- [Task directions]: Of the lines in the material below, print only those from the one containing "8110 Tavern Rd, Ball" to the one containing "napy do kurtki: Bexleys, Marynarka", ends included, exactly as written and without pictures.

- [Input records]:
* * * * * * * * *

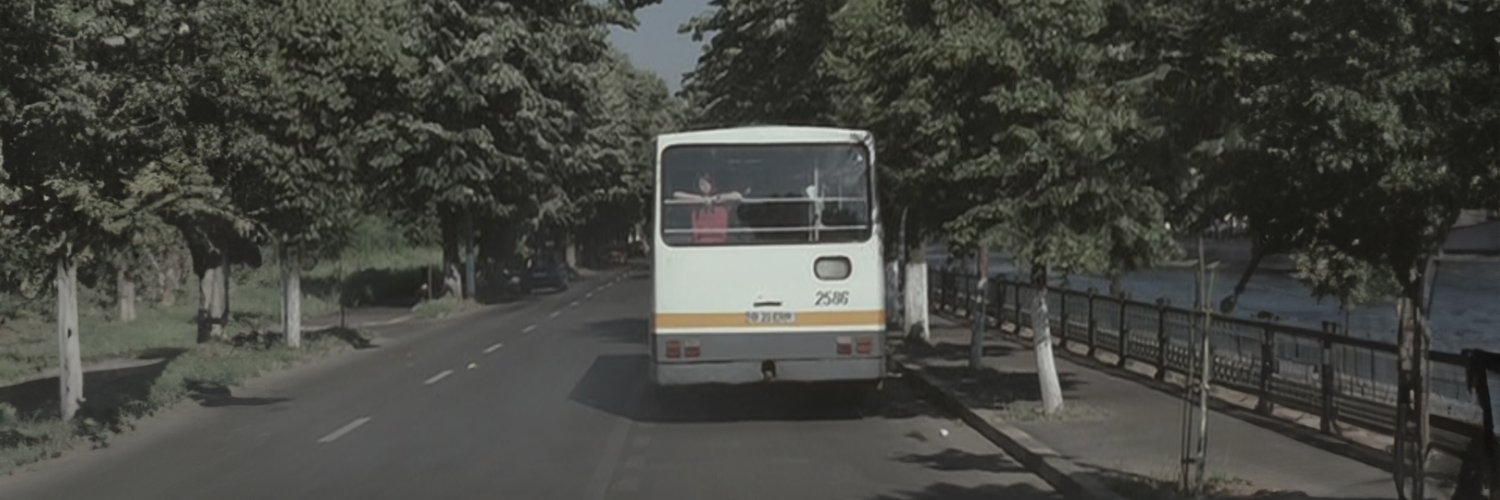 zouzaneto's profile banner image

* * * * * * * * *

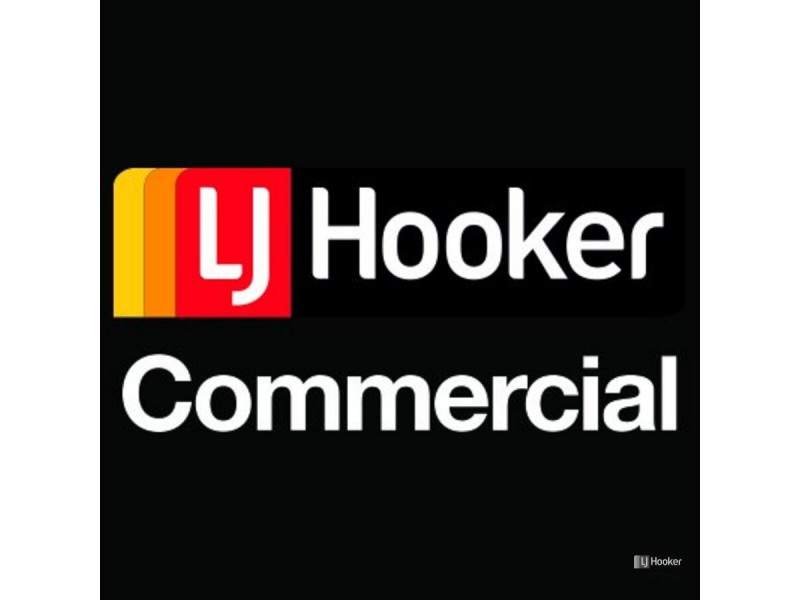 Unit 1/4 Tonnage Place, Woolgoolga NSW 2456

* * * * * * * * *

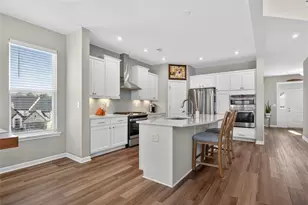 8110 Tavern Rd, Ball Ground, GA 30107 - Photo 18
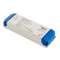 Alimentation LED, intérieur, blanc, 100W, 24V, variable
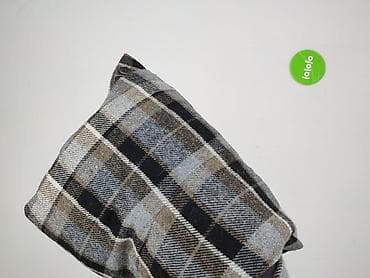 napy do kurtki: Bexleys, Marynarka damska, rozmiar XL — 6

* * * * * * * * *

- [Task response]:
 8110 Tavern Rd, Ball Ground, GA 30107 - Photo 18
 Alimentation LED, intérieur, blanc, 100W, 24V, variable
 napy do kurtki: Bexleys, Marynarka damska, rozmiar XL — 6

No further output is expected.